Je marche dans une rue qui autrefois débordait de vie : les magasins étaient ouverts, les enfants riaient, les voisins discutaient. Aujourd'hui, ce n'est plus qu'un cimetière de décombres et de poussière. L'air est chargé de fumée, me pique les yeux et rempli mes poumons d'une odeur de feu et de peur. Chaque pas ravive le souvenir de ce qu'a été cet endroit, et le contraste est insupportable.
Puis je les vois. Des enfants. Certains ont perdu un bras, d'autres une jambe, d'autres encore les deux, mais leurs petits corps se déplacent parmi les débris avec un courage qui semble presque impossible.
Leurs yeux, grands ouverts, interrogateurs, posent des questions qu'aucun enfant ne devrait jamais avoir à poser : Pourquoi moi ? Pourquoi ici ? Quelqu'un va-t-il me voir ?

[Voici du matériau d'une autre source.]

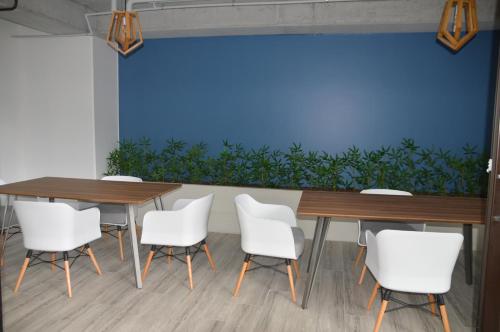 a conference room with a table and white chairs at Cozy Stays Cayala Apartments 4 in Guatemala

Un garçon est assis sur le trottoir, il fait rouler une petite voiture cassée sur les fissures. Son rire est fragile, aigu, mais c'est tout de même un rire. À proximité, une fille se tient en équilibre sur une poutre tombée, ses petits pieds agrippés au bois éclaté comme si sa seule volonté pouvait maintenir le monde en place. Le vent souffle dans les bâtiments détruits, transportant de petits bruits : le battement d'ailes d'un oiseau, le rire d'un enfant, l'aboiement d'un chien, autant de rappels que la vie persiste.

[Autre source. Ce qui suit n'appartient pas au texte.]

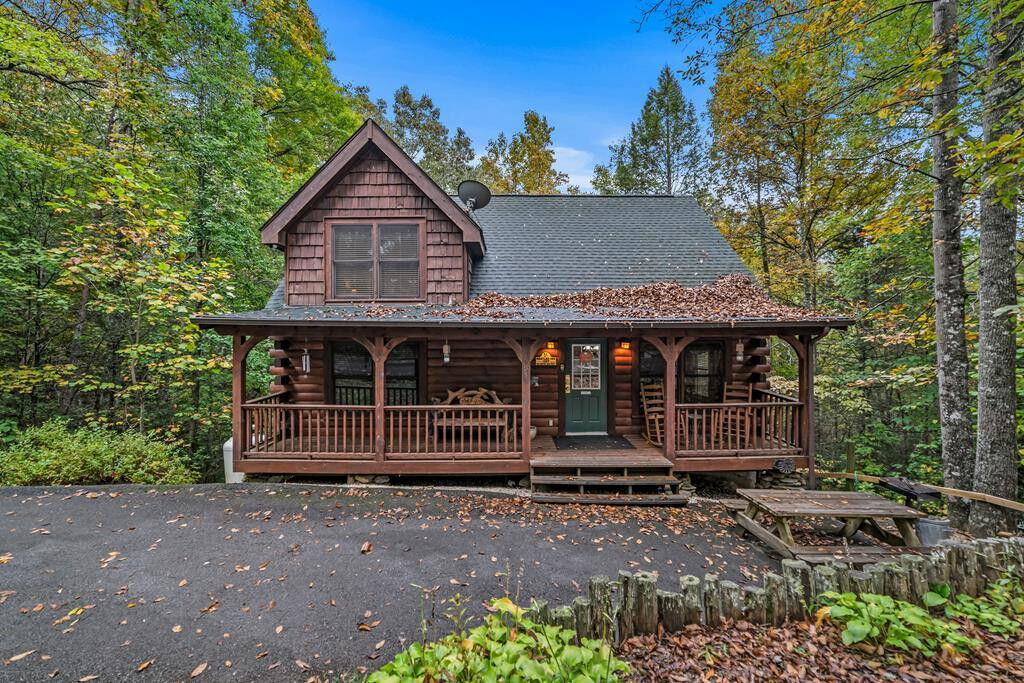 Property Photo:  1637 Majestic Oak Way  TN 37876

Au milieu de toute cette destruction, un poids énorme m'oppresse la poitrine : colère, impuissance et tristesse à la fois. Comment le monde peut-il continuer comme si de rien n'était alors que la vie de ces enfants s'effondre ? Ici, l'innocence a été volée, remplacée par des cauchemars, et les cris sont devenus le langage de la survie.

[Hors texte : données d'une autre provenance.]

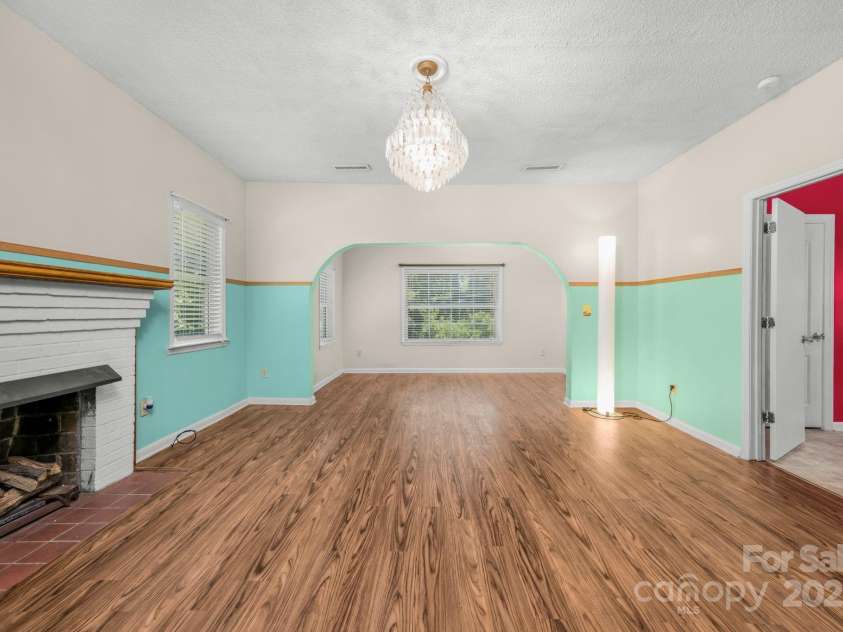 4200 Mineral Avenue, Winston Salem, NC 27105.  MLS# CAR4277026, YatesRealty ID 25801.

Je m’assois à côté d'un petit garçon qui essaie de me sourire. Je ne peux pas lui rendre son sourire. Les larmes me montent aux yeux lorsque je réalise que les mots ne peuvent jamais décrire les horreurs dont son âme est témoin. Tout ce que je peux faire, c'est poser doucement ma main sur son épaule et lui murmurer : « Tu n'es pas seul. »
À proximité, une petite fille est assise sur le rebord d'une porte brisée, serrant dans ses mains un morceau de métal tordu comme s'il s'agissait d'un jouet. Nos regards se croisent un instant, et dans son regard, je vois tout un monde d'histoires, un monde déchiré avant même d'avoir commencé. Et pourtant, même ici, la vie refuse de s'éteindre complètement. Des mains se tendent les unes vers les autres. Les enfants partagent des restes de nourriture, se réconfortent mutuellement, murmurent de petites blagues qui ressemblent presque à des chansons. Les plus petits gestes d'attention émergent du chaos, fragiles étincelles d'humanité dans un monde déterminé à l'effacer.
Je continue de marcher, leurs visages gravés dans mon esprit, leur courage dans mon âme. Même si le monde détourne le regard, je me suis promise de ne pas le faire. Chaque vie, même la plus petite, chaque cri, même le plus faible, compte. Leurs histoires méritent d'être rappelées. Leurs rires, leurs larmes, leur survie, autant de preuves que même dans les ruines les plus sombres, la vie insiste pour être vue, ressentie et honorée.